It happens to many of us throughout our work career. It could be in the form of a lay-off situation, or it could be a straight-up dismissal for cause. The end result is the same. You are without a job. You’re in shock, and it hurts.
Here are the things to do and what you don’t want to do. They are intertwined below, and the latter is as important as the former.
1. Don’t speak badly about the company you have just left.
Avoid this like the plague on social media and in-person. It reflects poorly on you more than anyone and is something that a new employer never needs to hear, whether it’s straight from your mouth or from another source like your trustworthy Facebook page.
Instead, focus on how much you learned there, what you appreciated about the experience, and why it wasn’t the best fit for you. All those things are true.
2. Ask for help on every front.
Ask for help from professional Recruiters, friends, and family. Ask for advice on social media, particularly LinkedIn. Sign up to work with a Career Coach like me. Move past the present situation and focus on your future.
It’s also okay to ask your former employer or co-workers for a recommendation. You’ll get a lot more “yes’s” than you think, and having that recommendation from your last employer will help your job search.
Remember that dates and duties are all a previous employer should legally disclose about you. That said, you can ask about how any reference checks will be handled. This will cast you in the light of being savvy about employment law while providing a subtle reminder around legalities. Some companies aren’t as tight around this as they should be.

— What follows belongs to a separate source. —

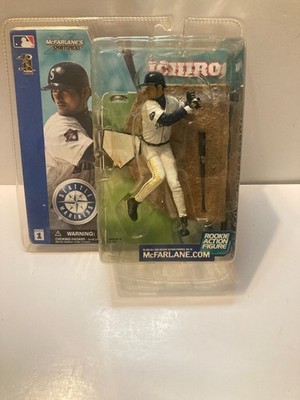 NEW 2002 McFarlane MLB Series 1 Ichiro Seattle Mariners Rookie Figure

3. No negative action, please.
Talking about your previous company or co-workers isn’t worth it. Ranting on social media won’t feel as sweet right after you hit the send button. Keep those bridges intact and take the high road.
You want your previous employer to feel very kindly disposed to process your severance and benefits owed, speak nicely about you during background checks, and say positive things about you in the workplace you’ve left. The one word to keep in mind here is professional. How would the most professional person you can think of handle this situation?
4. Don’t be afraid to talk about the elephant in the room.
It’s normal not to want to discuss the “why” of the termination with your previous employer. However, if someone is released from a job, they are legally owed an explanation. You’ll probably get this feedback during the dismissal conversation. Make notes as it’ll be hard to focus adequately.
Use the feedback after you are gone, and the smoke has cleared from your mind to evaluate how you need to improve realistically. There are usually a few nuggets of truth that can be mined to help you moving forward.
5. New beginnings ROCK!
“Getting fired was the best thing that ever happened to me.” It’s a saying for a reason. Many people genuinely feel that way after they are on a new and better path. I know I did.
It’s important to honor your feelings of fear, anger, and shame. That’s normal. Just don’t stay there. Formulate your action plan and take the steps that you decide are best.
There’s something so nice about a fresh start and clean do-over. It will begin to fill you with hope rather than despair for your future. You can do this!